Friends grow up, just like you do. The question is whether you grow together. Like any relationship, romantic or platonic, the real test is whether your flame survives time. You won’t love every choice they make, their words may sting, and shared history doesn’t always make the present feel okay.

But isn’t that what growth is? I hope I’m not the same person I was at 14, 17, or even 20. Growing up isn’t gentle. In your twenties especially, you take a step forward and the next week you’re stumbling back. It’s already a lot to manage your own evolution, let alone hold space for someone else’s. Maybe it sounds selfish, but it’s human. Some of us process quietly, others out loud. Either way, it’s all a search for balance.

As much as we want to be heard, we also want to listen. Sharing our thoughts reminds us we’re not alone in them.
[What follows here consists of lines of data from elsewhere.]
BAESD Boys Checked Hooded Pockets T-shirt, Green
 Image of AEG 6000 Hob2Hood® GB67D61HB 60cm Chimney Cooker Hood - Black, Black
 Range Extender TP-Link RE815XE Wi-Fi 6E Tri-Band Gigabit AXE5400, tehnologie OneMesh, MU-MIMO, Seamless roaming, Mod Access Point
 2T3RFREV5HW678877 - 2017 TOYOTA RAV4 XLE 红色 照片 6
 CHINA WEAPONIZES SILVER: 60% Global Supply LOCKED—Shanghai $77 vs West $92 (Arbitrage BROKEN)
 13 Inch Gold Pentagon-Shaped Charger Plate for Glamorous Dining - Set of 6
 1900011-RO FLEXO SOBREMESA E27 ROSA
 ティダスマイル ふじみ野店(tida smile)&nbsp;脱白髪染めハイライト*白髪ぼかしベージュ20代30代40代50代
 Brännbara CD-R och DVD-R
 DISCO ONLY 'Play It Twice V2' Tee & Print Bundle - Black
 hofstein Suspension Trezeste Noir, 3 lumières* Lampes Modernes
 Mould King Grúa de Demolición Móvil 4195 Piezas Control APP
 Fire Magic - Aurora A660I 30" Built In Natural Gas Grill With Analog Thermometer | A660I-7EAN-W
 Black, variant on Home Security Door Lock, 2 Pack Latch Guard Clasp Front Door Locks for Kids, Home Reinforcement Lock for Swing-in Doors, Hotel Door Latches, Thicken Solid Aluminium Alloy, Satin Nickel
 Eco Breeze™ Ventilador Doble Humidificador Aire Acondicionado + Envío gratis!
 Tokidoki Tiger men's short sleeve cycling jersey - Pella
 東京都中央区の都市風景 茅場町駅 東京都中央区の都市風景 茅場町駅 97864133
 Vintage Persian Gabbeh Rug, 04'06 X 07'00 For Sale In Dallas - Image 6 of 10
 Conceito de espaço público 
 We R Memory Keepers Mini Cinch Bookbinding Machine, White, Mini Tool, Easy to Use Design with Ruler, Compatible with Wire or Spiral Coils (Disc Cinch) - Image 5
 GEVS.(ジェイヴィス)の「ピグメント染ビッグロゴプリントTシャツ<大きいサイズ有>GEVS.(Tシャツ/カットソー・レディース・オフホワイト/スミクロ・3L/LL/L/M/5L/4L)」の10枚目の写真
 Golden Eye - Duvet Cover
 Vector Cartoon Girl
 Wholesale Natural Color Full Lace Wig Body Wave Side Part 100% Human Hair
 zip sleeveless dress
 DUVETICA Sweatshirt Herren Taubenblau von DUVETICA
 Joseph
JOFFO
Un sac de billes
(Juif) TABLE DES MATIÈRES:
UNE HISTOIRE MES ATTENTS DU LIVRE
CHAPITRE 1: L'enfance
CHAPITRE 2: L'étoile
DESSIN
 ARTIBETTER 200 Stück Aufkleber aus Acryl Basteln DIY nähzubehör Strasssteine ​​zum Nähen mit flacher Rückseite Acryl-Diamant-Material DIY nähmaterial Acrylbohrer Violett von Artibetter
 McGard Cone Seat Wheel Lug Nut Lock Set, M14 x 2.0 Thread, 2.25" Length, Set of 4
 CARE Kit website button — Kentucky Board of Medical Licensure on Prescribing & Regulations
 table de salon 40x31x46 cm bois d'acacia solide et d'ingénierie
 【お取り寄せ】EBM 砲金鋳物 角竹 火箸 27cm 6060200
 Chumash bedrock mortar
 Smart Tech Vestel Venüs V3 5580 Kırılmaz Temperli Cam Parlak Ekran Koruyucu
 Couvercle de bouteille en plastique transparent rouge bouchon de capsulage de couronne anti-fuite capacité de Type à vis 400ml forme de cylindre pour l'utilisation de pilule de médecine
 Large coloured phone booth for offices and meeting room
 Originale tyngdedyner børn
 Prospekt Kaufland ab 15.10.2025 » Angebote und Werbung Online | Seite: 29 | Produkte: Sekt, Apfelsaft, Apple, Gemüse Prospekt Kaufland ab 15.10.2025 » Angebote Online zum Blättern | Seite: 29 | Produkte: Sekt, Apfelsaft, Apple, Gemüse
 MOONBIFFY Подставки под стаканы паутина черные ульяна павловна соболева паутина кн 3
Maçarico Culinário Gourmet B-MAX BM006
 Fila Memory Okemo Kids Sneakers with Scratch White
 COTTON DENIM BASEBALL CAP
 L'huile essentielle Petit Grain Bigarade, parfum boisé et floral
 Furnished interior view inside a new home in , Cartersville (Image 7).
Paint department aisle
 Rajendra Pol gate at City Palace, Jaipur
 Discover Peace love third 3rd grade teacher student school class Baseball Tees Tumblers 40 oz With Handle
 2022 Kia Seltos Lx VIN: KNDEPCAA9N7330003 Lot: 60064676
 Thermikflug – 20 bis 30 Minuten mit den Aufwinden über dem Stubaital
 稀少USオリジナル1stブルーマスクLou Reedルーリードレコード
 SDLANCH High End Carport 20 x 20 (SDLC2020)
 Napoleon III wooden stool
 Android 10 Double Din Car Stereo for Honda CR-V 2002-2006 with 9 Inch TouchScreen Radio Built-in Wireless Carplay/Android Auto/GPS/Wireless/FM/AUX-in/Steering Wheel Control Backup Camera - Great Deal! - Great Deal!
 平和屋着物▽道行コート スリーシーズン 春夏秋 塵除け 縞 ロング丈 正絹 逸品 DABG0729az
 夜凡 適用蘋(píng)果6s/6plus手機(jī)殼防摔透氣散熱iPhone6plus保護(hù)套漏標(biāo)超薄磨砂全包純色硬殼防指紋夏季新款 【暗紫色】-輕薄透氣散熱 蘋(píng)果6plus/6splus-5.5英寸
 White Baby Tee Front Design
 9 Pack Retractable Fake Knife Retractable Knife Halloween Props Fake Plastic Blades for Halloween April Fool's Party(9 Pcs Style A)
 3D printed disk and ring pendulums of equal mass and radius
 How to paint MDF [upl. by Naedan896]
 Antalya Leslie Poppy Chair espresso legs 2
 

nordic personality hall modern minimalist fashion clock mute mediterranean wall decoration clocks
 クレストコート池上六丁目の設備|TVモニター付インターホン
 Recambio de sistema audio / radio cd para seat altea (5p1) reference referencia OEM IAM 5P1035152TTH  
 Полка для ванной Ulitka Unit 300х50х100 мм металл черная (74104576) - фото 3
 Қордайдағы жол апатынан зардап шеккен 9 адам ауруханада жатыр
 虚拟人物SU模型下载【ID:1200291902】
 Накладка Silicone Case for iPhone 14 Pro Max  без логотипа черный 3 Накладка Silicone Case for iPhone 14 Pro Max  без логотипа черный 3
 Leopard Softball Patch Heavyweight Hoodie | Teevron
Maybe that’s the real point of it all. That those we choose to share that capacity of ourselves with, are also the same people we want to grow up in front of too. Friends, lovers, belief systems, society…

That those we choose to share that capacity of ourselves with, also are the same people we want to grow up in front of too.


I leave you to continue to grow with everything you have. The friendships that are meant for you will meet you in the hard moments. May every little sister be lucky enough to have a Mary Ann in her life, someone who stays, even when growing up gets messy.